Book(13-14)

豚を盗む
豚を盗む佐藤正午岩波書店
仕事の待ち時間に読むならやっぱエッセイでしょう。この人のエッセイを読むのははじめて。というか男性作家のエッセイをハードカバーで買うなんて本当に久しぶりではなかろうか。好みの問題だし最近はあえて手を出していないということもあるけど、魅力的なエッセイを書く作家にはなかなか出会えない気がする。ましてや女性作家のエッセイだと面白くとも何ともなくても一応は「ふーん」と思いながら読めるのだけど、男性作家のエッセイだと好き嫌いが徹底的に別れて途中で放り投げるものも多い。

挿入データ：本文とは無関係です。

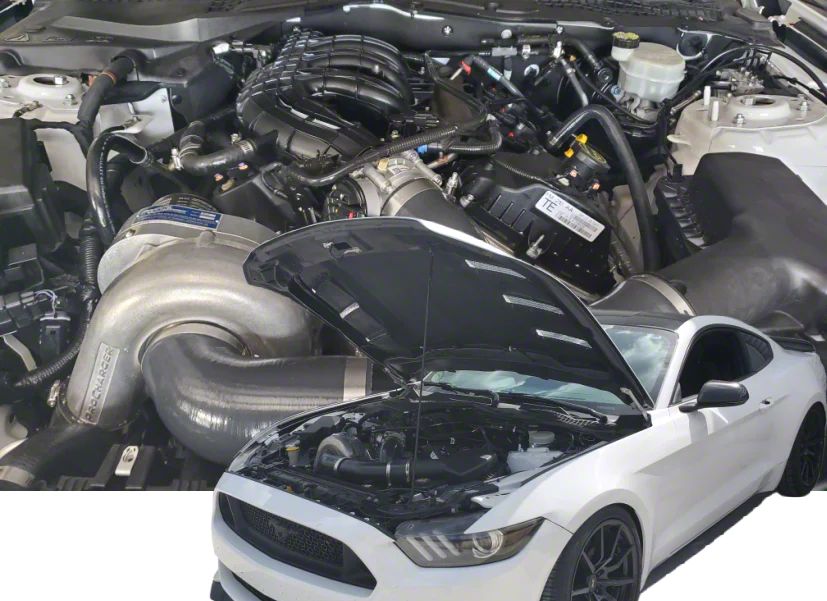 Auto Mafia Racing 500+ HP ProCharger Supercharger Kit (15-17 Mustang V6)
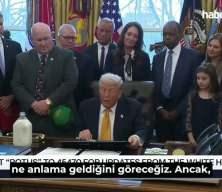 ABD Başkanı Trump: "Bize, İran'da infazların durdurulduğu bildirildi"
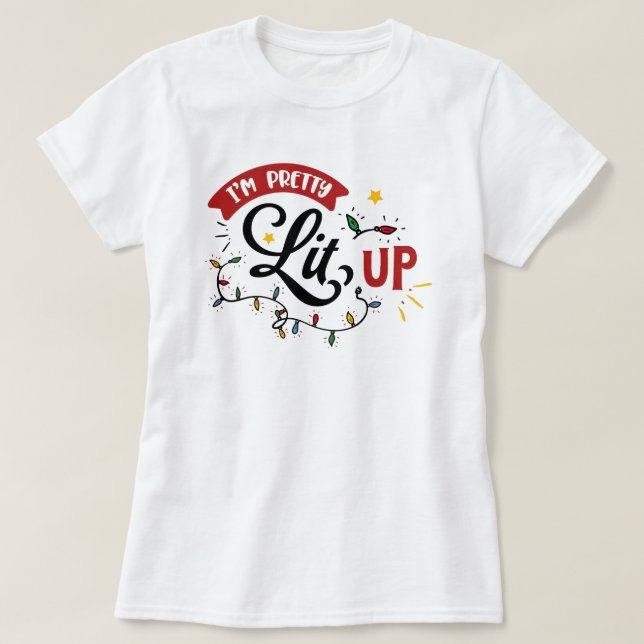 Funny Christmas T-Shirt (Design Front)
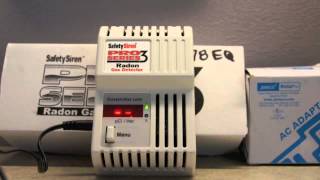 Setting Up and Running Radon Gas Detector [upl. by Orodisi377]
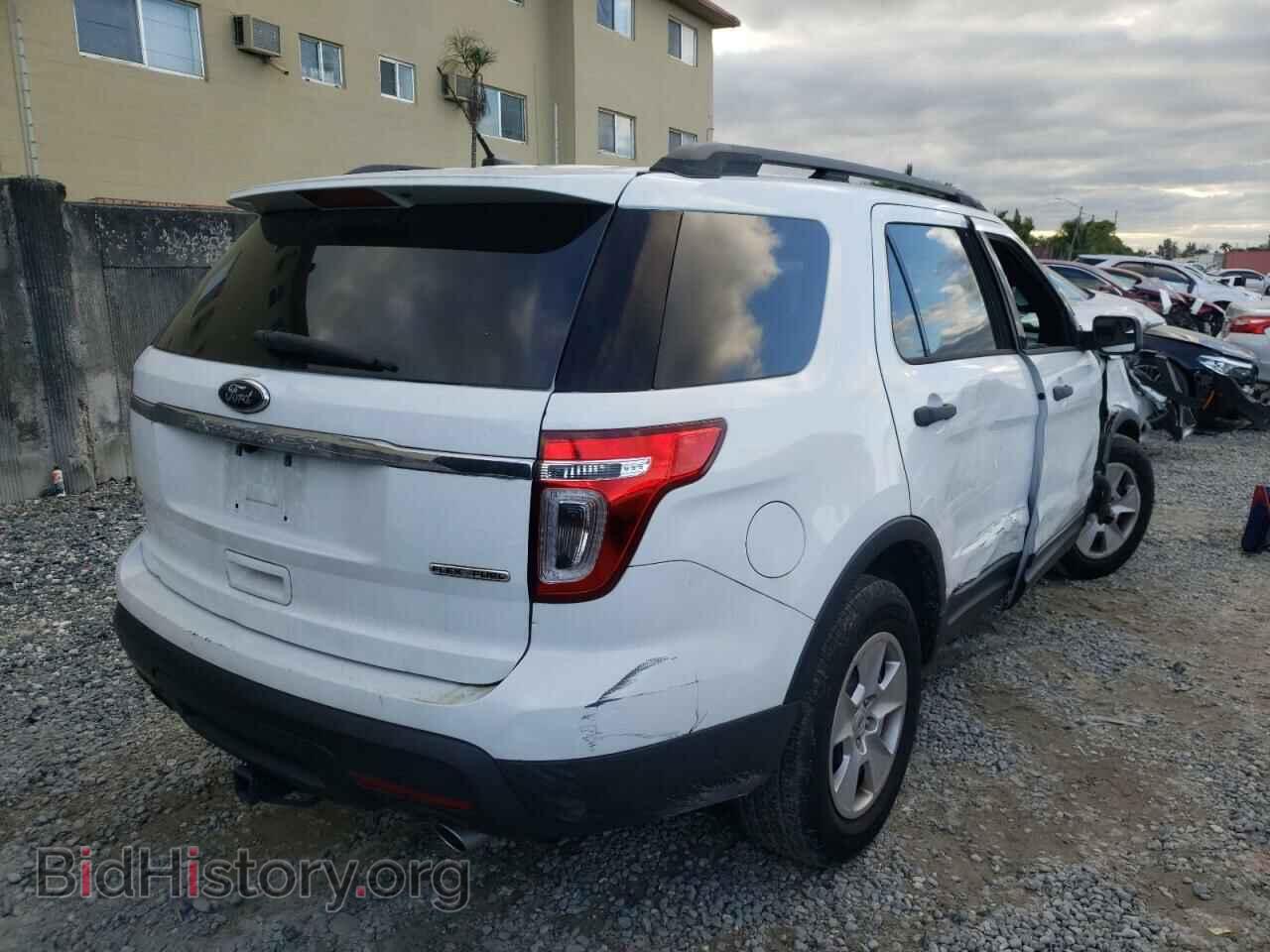 2014 FORD EXPLORER - VIN: 1FM5K7B84EGC05357 - Фото 4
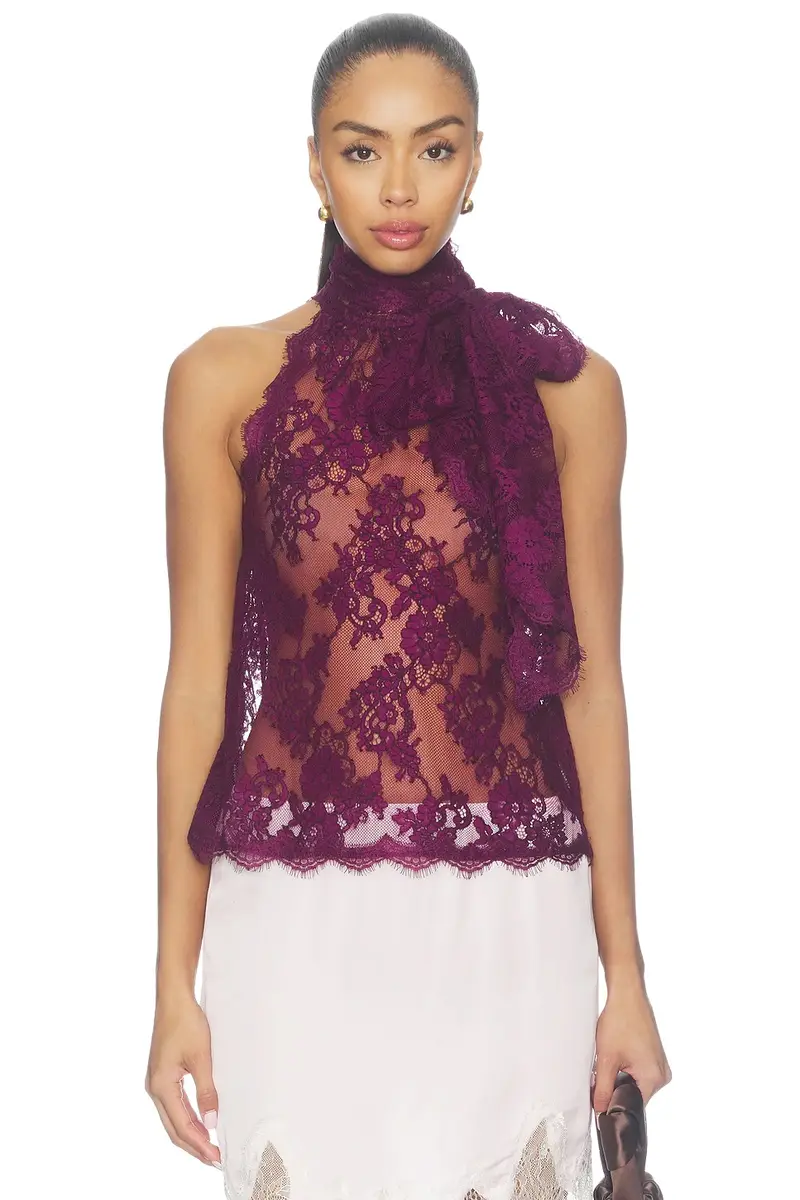 Sigma Lace Top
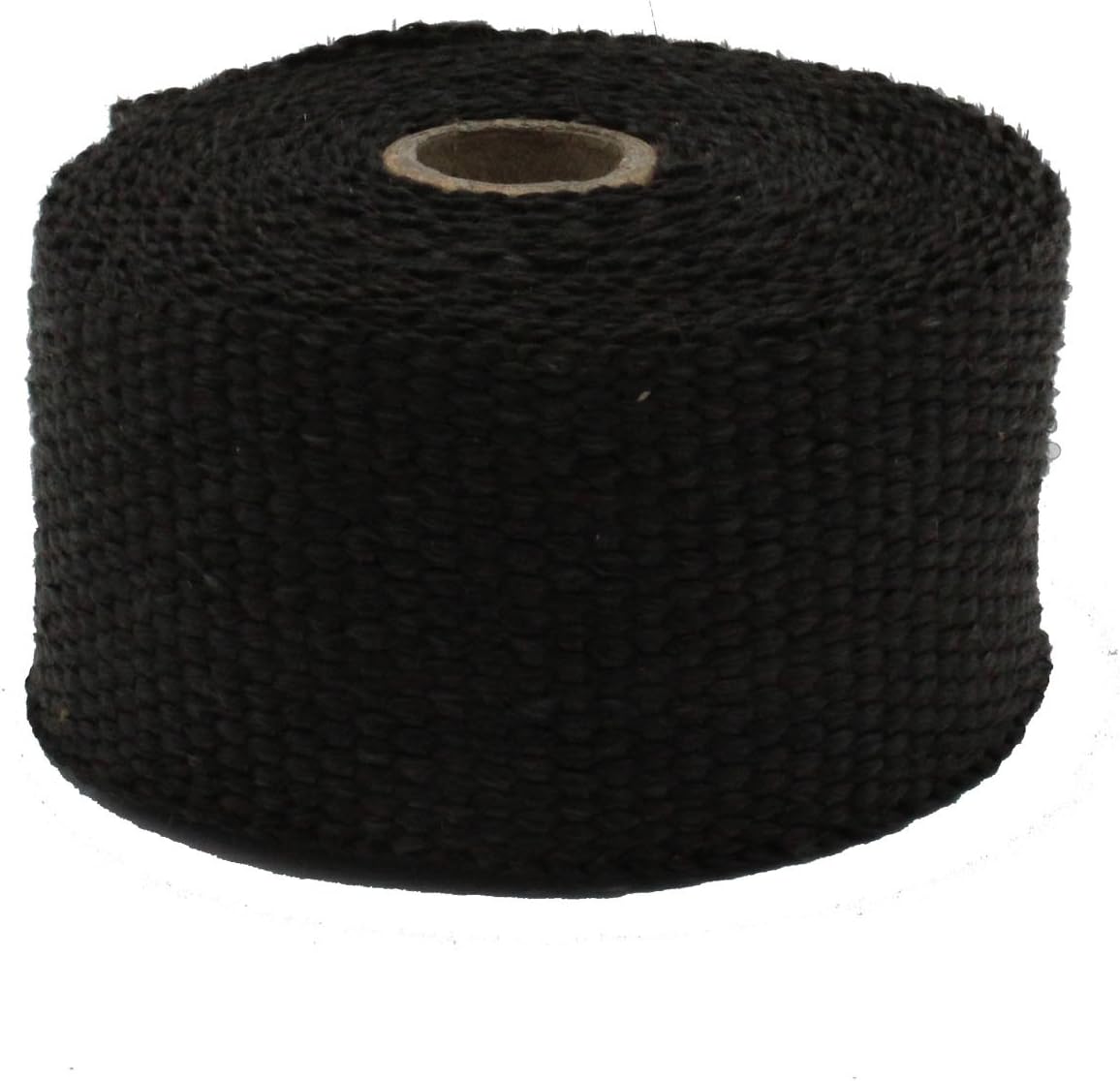 TAKPART 5M x 5cm Car Titanium Exhaust Heat Ties Wrap Roll Black Tape for Motorcycle with 10 Cable Ties 20cm - Image 4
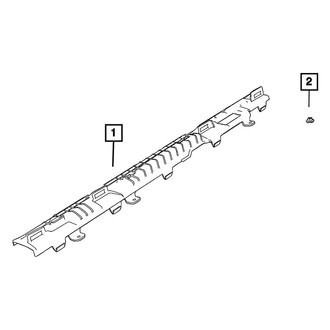 Mopar® - Wiring Trough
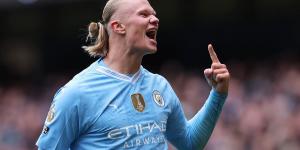 Table showing the most prolific Premier League goalscorers in all competitions since Erling Haaland arrived in England reveals the Man City star has netted an astonishing 30 times more than his closest rival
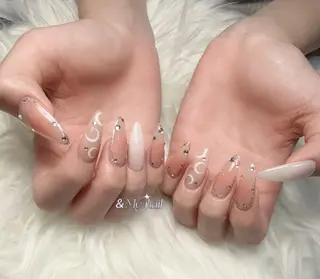 ネイル &ME ネイルサロンのネイルデザイン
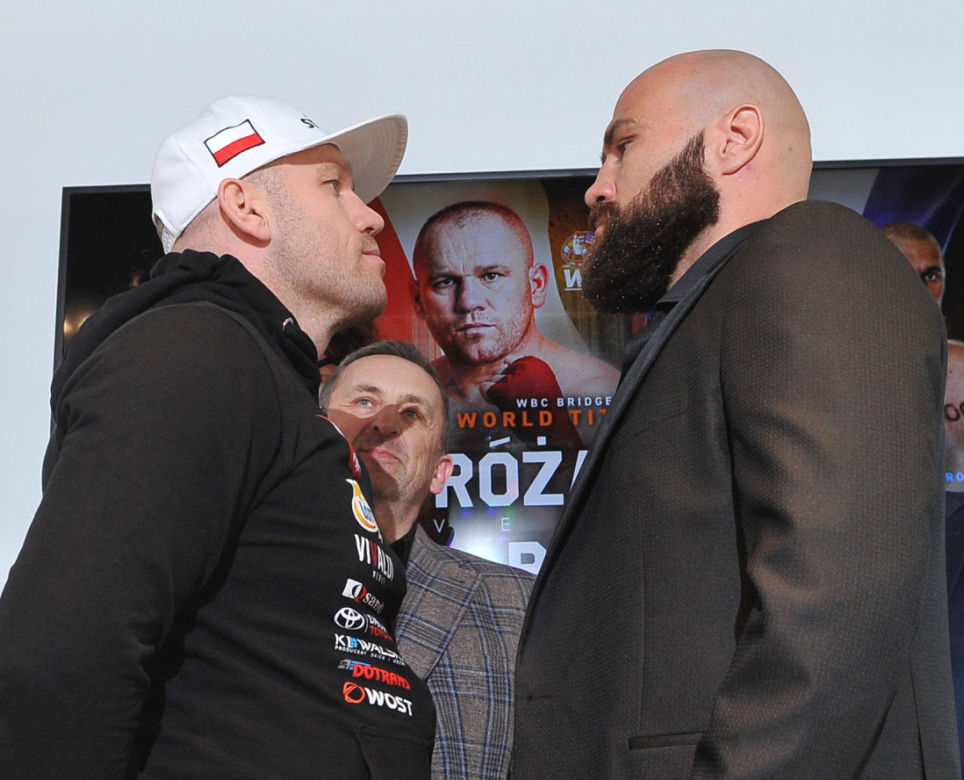 Łukasz Różański – Alen Babić. To będzie szalony bój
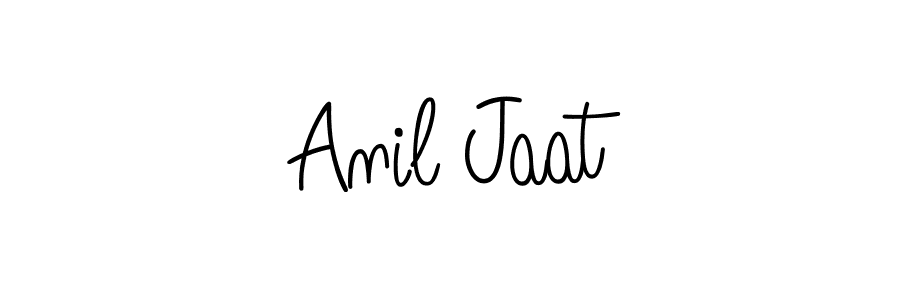 You can use this online signature creator to create a handwritten signature for the name Anil Jaat. This is the best online autograph maker. Anil Jaat signature style 5 images and pictures png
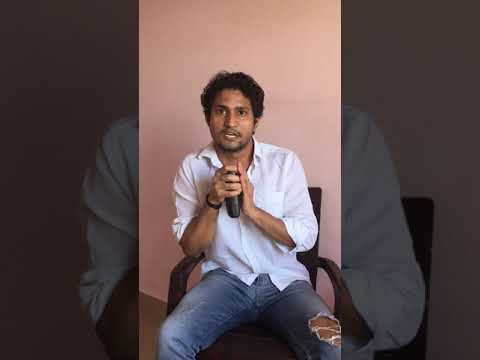 shivam dubey Cricket commentator audition act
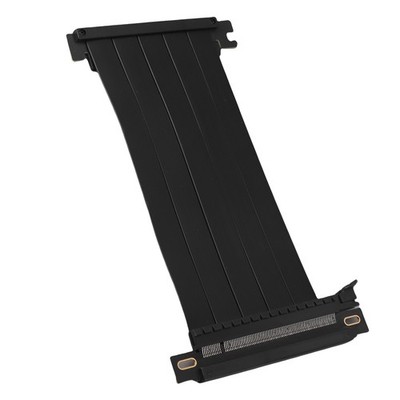 PCIE 4.0 X16 Riser-Kabel Flexibel 180 Grad GPU-Verlängerungskabel Für 40 L2Sk
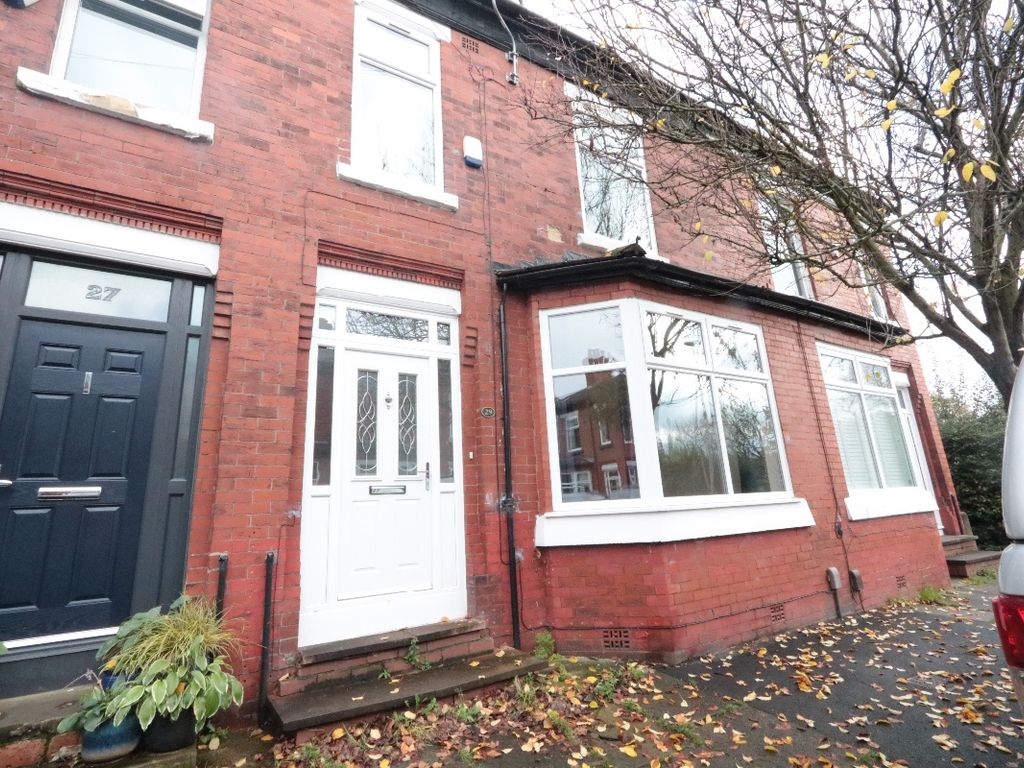 3 bed terraced house to rent in Cleveleys Avenue, Chorlton Cum Hardy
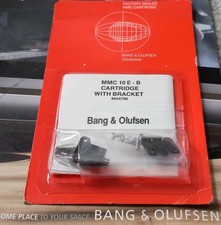 Bang & Olufsen B&O MMC 10 E-B Cartridge Stylus With Bracket, New Sealed. 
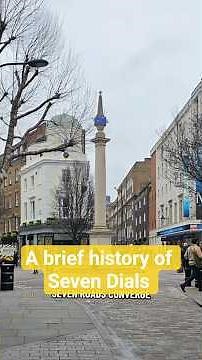 A brief history of Seven Dials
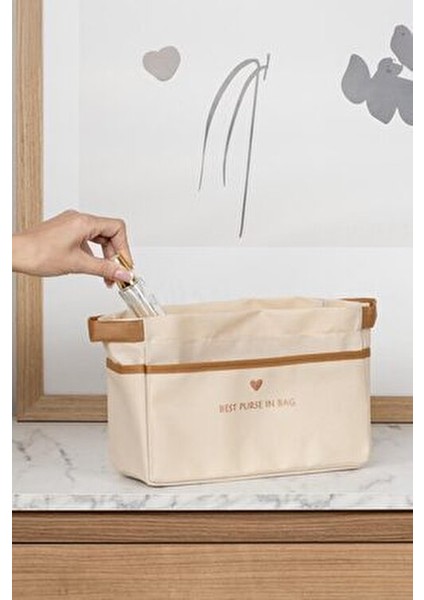 Tote Çanta İçi Düzenleyici Pratik ve Hafif Tasarım ile Geniş İç Hacim fiyatları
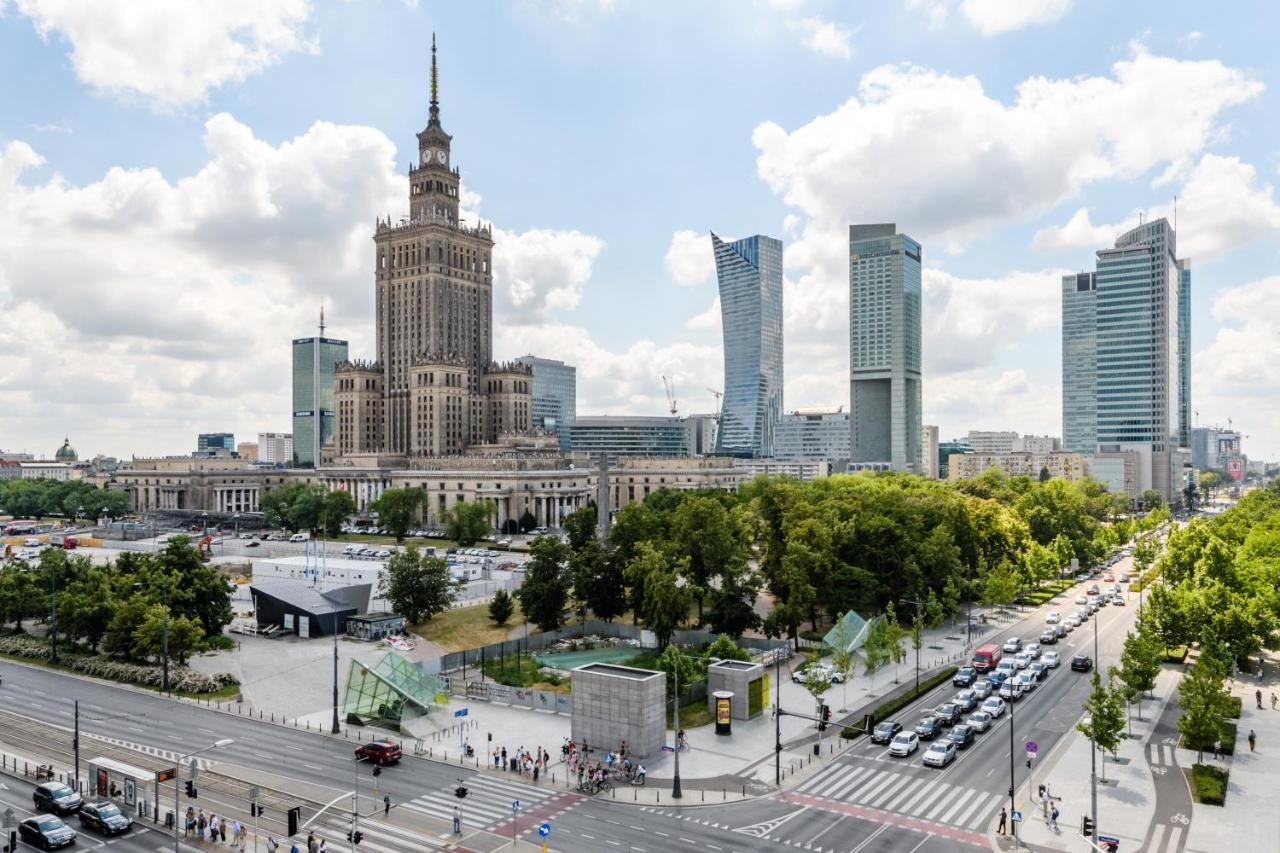 Clicktheflat Palace Of Culture View - Marszalkowska St. *
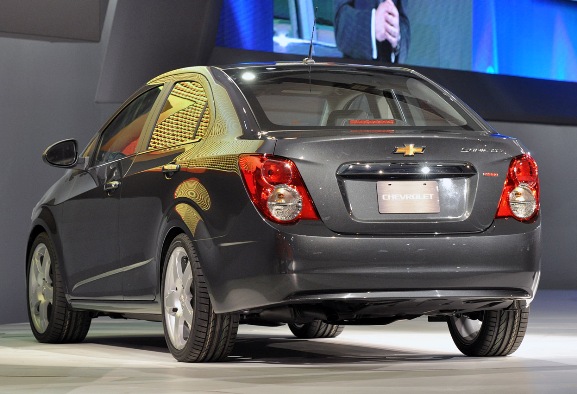 Chevrolet Sonic Awd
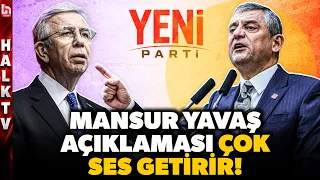 EVERYONE IS TALKING ABOUT THIS STATEMENT! Özgür Özel's remarks on Mansur Yavaş! Will he join the ...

そんなわけでかなり久々の男性作家によるエッセイなのだけど、これがすごく面白かった。説明しづらいけど、風通しがよくて押し付けがましくない。淡々とした文章なのにふと心に留まるエピソードがいくつもあった。いいなぁ、この人のエッセイ。これまでのものも近いうちに読んでみよう。


FOXY
FOXY(宇佐美遊/文藝春秋
「させないけど、お金はください。」というふてぶてしい帯の文句が目にとまって購入。
モデルを目指し北海道から上京してきた千華はニセのモデル養成所に貯金をだまし取られてしまい、水商売の世界へ。そこでナンバーワンホステスの繭子に可愛がられ、男を騙すテクニックを教えてもらうのだが―。
夜の世界の持つスリルとドロドロ感で一気に読ませるのだが、設定やキャラクターが紋切り型。う〜む。